++++ Entries provided ++++
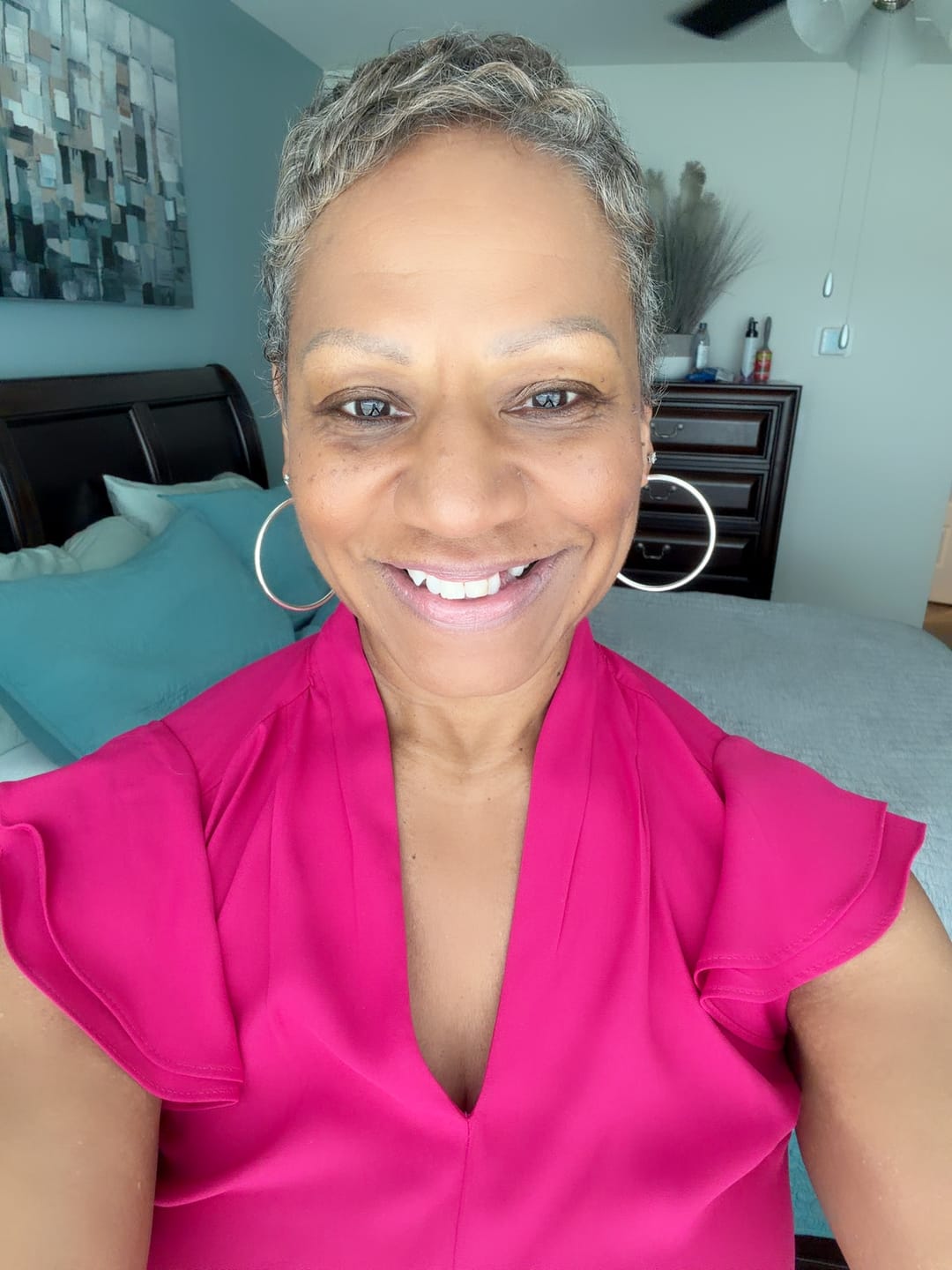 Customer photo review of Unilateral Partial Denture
++++
++++ Entries provided ++++
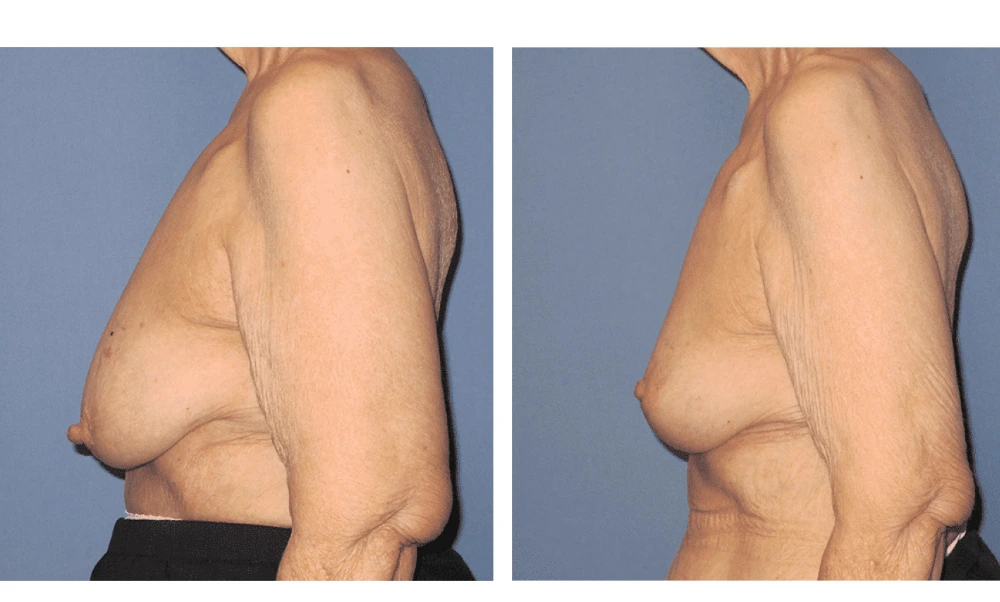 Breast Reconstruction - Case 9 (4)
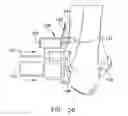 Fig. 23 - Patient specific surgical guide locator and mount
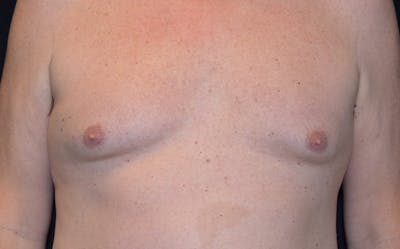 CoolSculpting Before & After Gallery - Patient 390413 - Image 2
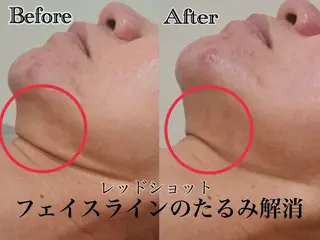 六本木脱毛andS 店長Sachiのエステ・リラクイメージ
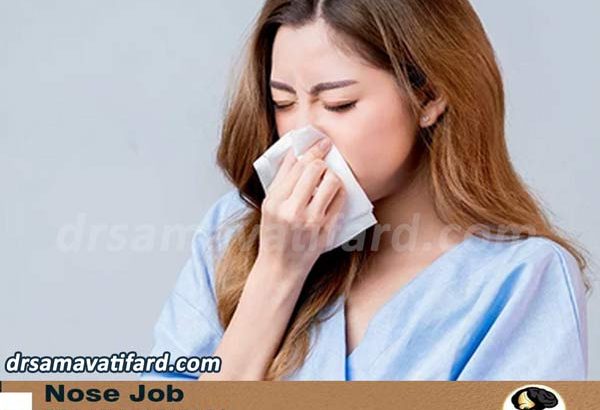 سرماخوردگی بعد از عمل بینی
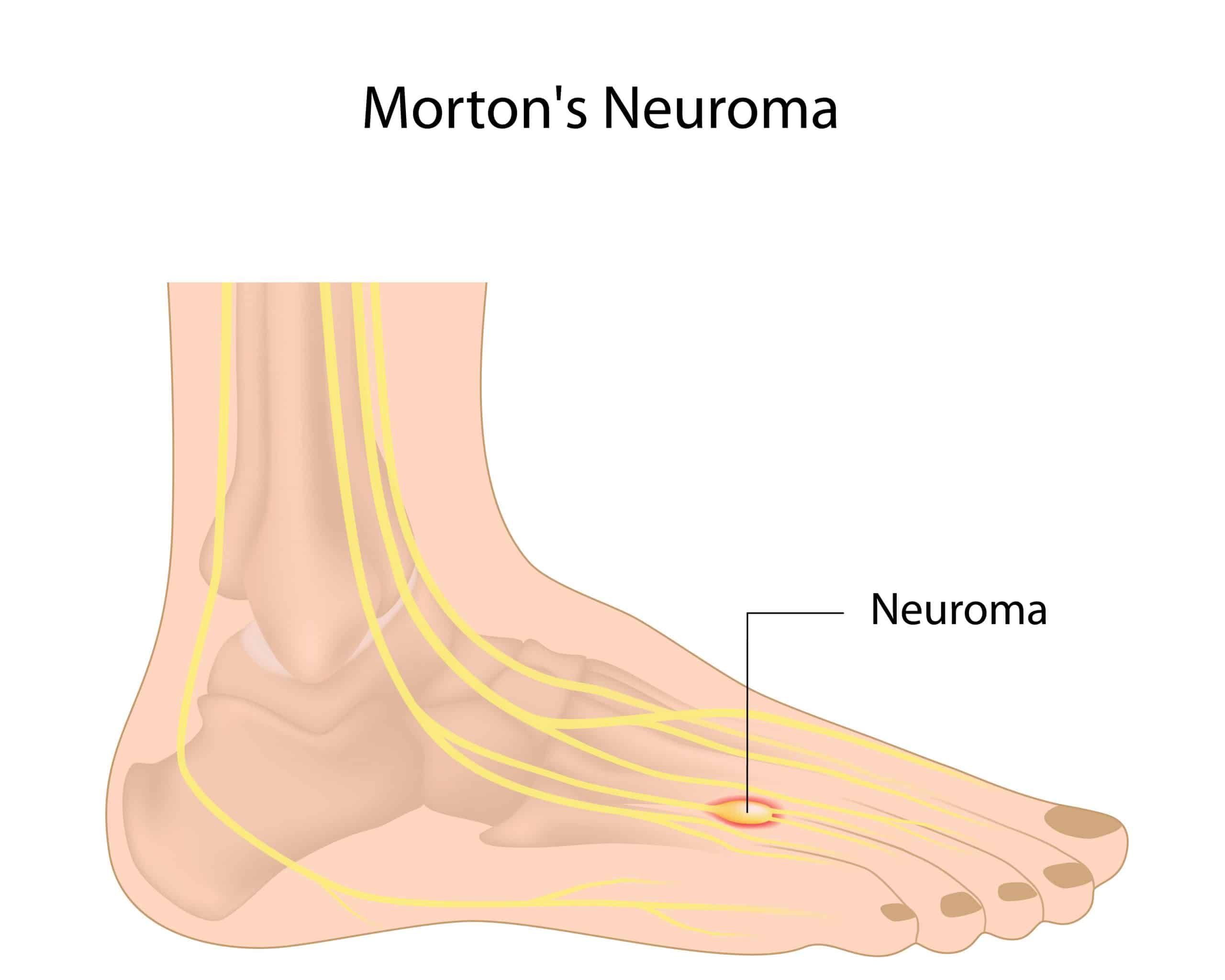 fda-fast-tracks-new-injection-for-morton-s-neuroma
++++
++++ Entries provided ++++
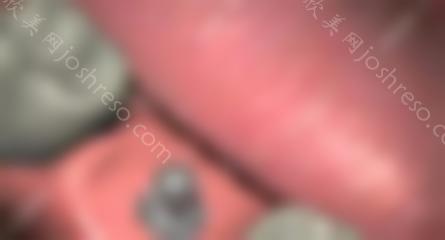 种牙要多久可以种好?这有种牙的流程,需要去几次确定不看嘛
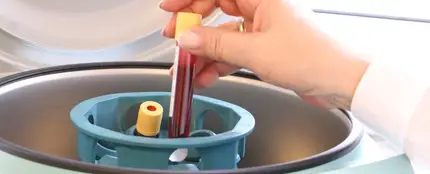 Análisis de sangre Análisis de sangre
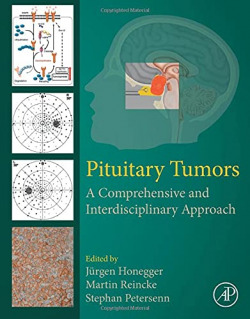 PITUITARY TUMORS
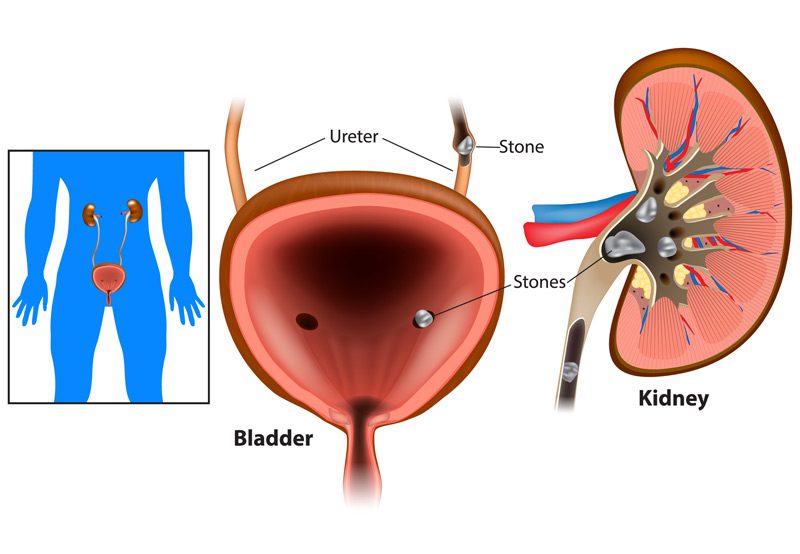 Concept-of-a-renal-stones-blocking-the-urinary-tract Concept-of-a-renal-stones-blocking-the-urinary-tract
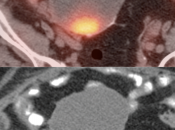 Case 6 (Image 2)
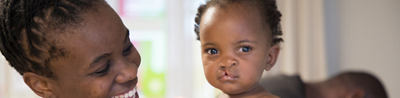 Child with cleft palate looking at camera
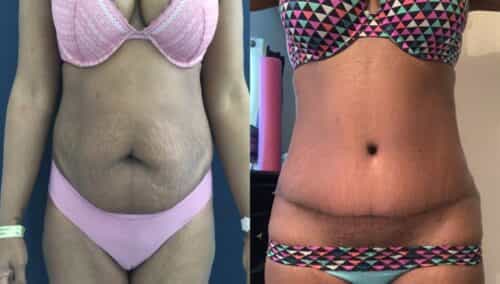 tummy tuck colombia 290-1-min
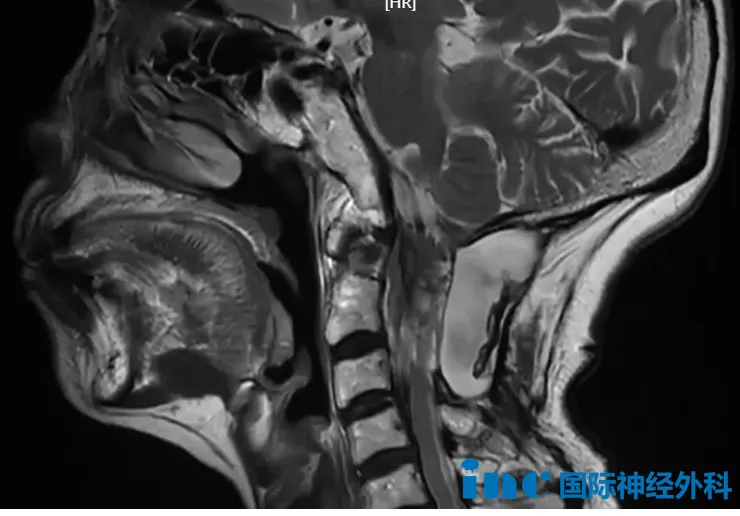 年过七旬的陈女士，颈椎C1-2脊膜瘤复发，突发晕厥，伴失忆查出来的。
++++
Task objective
The line holding "Análisis de sangre Análisis de sangre" starts the copy and the line holding "年过七旬的陈女士，颈椎C1-2脊膜瘤复发，突发晕厥，伴失忆查出来的。" ends it. Repeat those two lines above and all between them exactly, leaving out pictures.

Response below
 Análisis de sangre Análisis de sangre
 PITUITARY TUMORS
 Concept-of-a-renal-stones-blocking-the-urinary-tract Concept-of-a-renal-stones-blocking-the-urinary-tract
 Case 6 (Image 2)
 Child with cleft palate looking at camera
 tummy tuck colombia 290-1-min
 年过七旬的陈女士，颈椎C1-2脊膜瘤复发，突发晕厥，伴失忆查出来的。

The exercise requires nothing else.